ISLAMABAD: Le Premier ministre pakistanais Shehbaz Sharif, dont le pays joue un rôle de médiateur dans le conflit opposant les Etats-Unis à l'Iran, a salué mercredi l'extension du cessez-le-feu annoncée par Donald Trump.

"Je remercie sincèrement le président Trump d'avoir gracieusement accepté notre demande de prolongation du cessez-le-feu afin de permettre aux efforts diplomatiques en cours de se poursuivre", a indiqué sur X M. Sharif, précisant s'exprimer également au nom du chef d'état-major, le maréchal Asim Munir.

"Fort de la confiance qui lui est accordée, le Pakistan poursuivra ses efforts en vue d'un règlement négocié du conflit", a ajouté le dirigeant.

Donald Trump a annoncé mardi une extension sine die du cessez-le-feu dont il avait précédemment fixé l'expiration à mercredi soir, disant vouloir donner davantage de temps à la diplomatie.
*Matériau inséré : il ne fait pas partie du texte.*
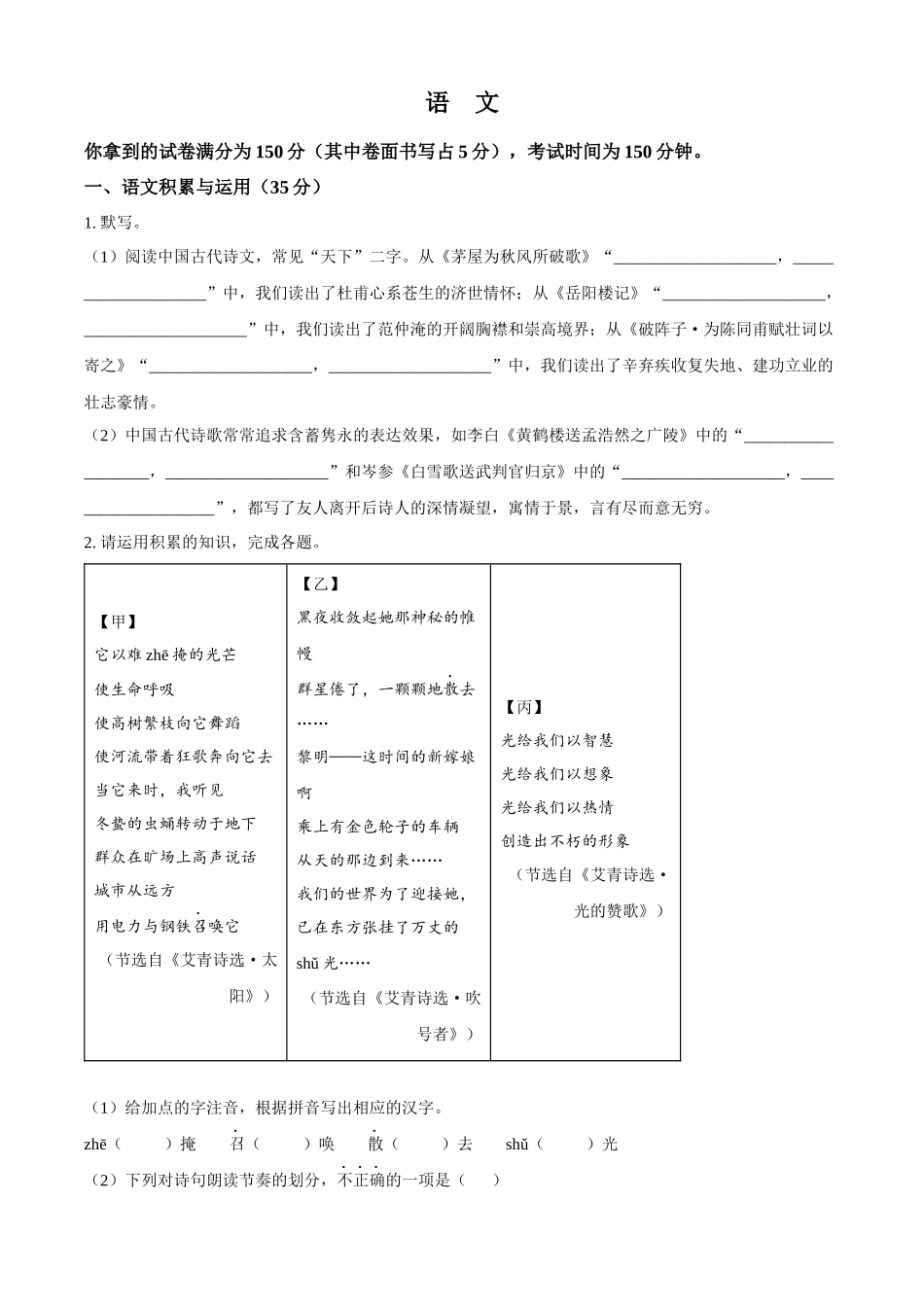 2024年安徽省中考语文真题（原卷版）.docx_第1页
Un nouveau round de discussions initialement annoncé pour le début de semaine à Islamabad a toutefois lui aussi été ajourné sine die.

"J'espère sincèrement que les deux parties continueront à respecter le cessez-le-feu et parviendront à conclure un +accord de paix+ global lors du deuxième cycle de négociations prévu à Islamabad, afin de mettre définitivement fin au conflit", a souligné M. Sharif mercredi.